The place is important in demonstrating the course, or pattern, of cultural or natural history in New South Wales.

Vineyard Haven is if state significance as one of the original New Italy properties selected in 1882, still retaining evidence of vineyards and domestic structures supporting settlement, and as a contributory element to the historic landscapes of New Italy.

The place has a strong or special association with a person, or group of persons, of importance of cultural or natural history of New South Wales's history.

Vineyard Haven is significant for its associations with the French Palis Brothers who acted as teachers and interpreters for the New Italy settlers, with the Italian Guarischi family who owned and occupied the land from the late 19th to the early 20th centuries, a then with various owners who used the site for grazing until purchased by Arnold and Mary Vayo who have conserved the site for present and future generations.

The place is important in demonstrating aesthetic characteristics and/or a high degree of creative or technical achievement in New South Wales.

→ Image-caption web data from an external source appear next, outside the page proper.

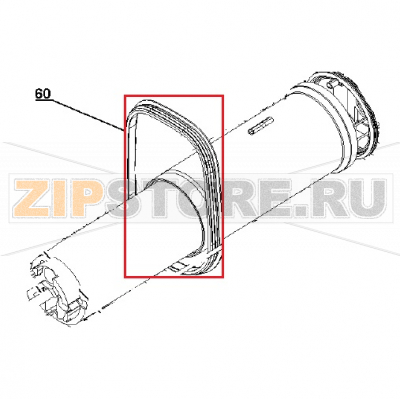 Bowl gasket Ugolini Minigel 1 Plus Bowl gasket Ugolini Minigel 1 Plus

Запчасть на сборочном чертеже под номером: 60

Название запчасти Ugolini на английском языке: Bowl gasket Ugolini Minigel 1 Plus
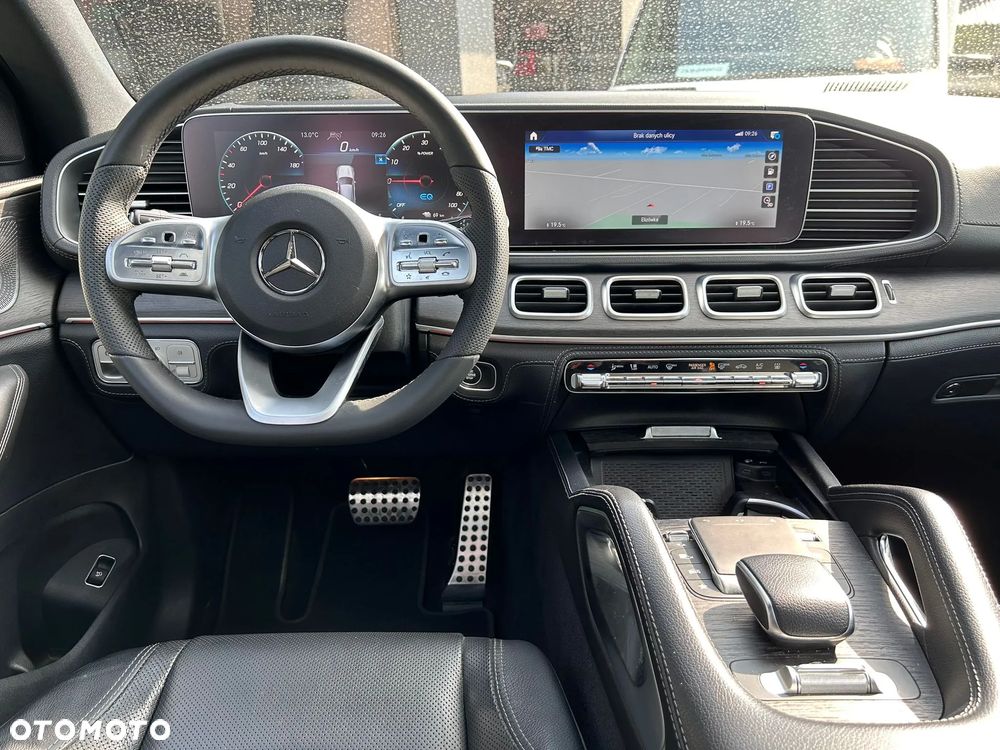 Mercedes-Benz GLE - 6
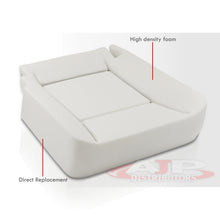 Load image into Gallery viewer, Dodge Ram 1500 2006-2008 / 2500 3500 2006-2009 Front Driver Seat Bottom Replacement Foam Cushion Pad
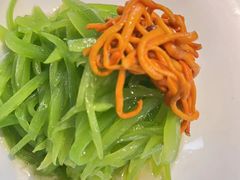 -喜粤广东菜(汉屯路店)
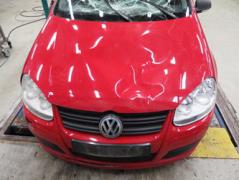 Volkswagen Golf V 1.9tdi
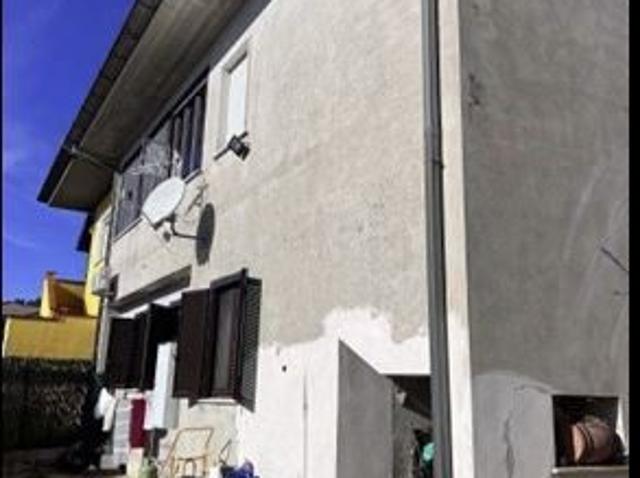 Appartamento in vendita a Sezze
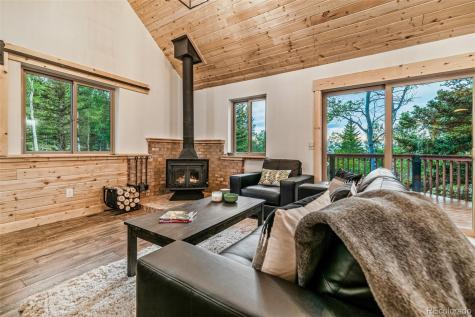 265 Bordenville Court Jefferson CO 80456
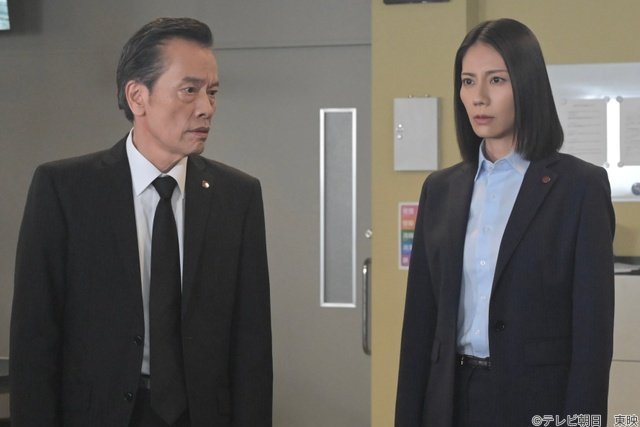 大森南朋×相葉雅紀×松下奈緒「大追跡2」最終回SP シリーズ最大の追跡劇が幕を開ける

Vineyard Haven is significant for the aesthetic qualities of its old growth and regrowth schlerophyll forest in a gently undulating landscape providing a setting for the homestead area and clearings used for vine cultivation along the routes that have connected New Italy to the outside world at Swan Bay; and for the technical innovation of the Italian settlers in constructing dams and watering systems for their vines that may reflect similar practises in northern Italy.

The place has potential to yield information that will contribute to an understanding of the cultural or natural history of New South Wales.

Vineyard Haven is of state significance as a reference site, in its archaeological resources, for the cultivation of vineyards by Italian settlers in the late 19th and early 20th centuries and for its potential to yield further information on the development of vine growing in NSW.

The place is important in demonstrating the principal characteristics of a class of cultural or natural places/environments in New South Wales.

Vineyard Haven may be representative in its archaeological resources and historical uses of the principal characteristics of many of the blocks settled at New Italy, although further research on other sites in New Italy is needed to confirm this.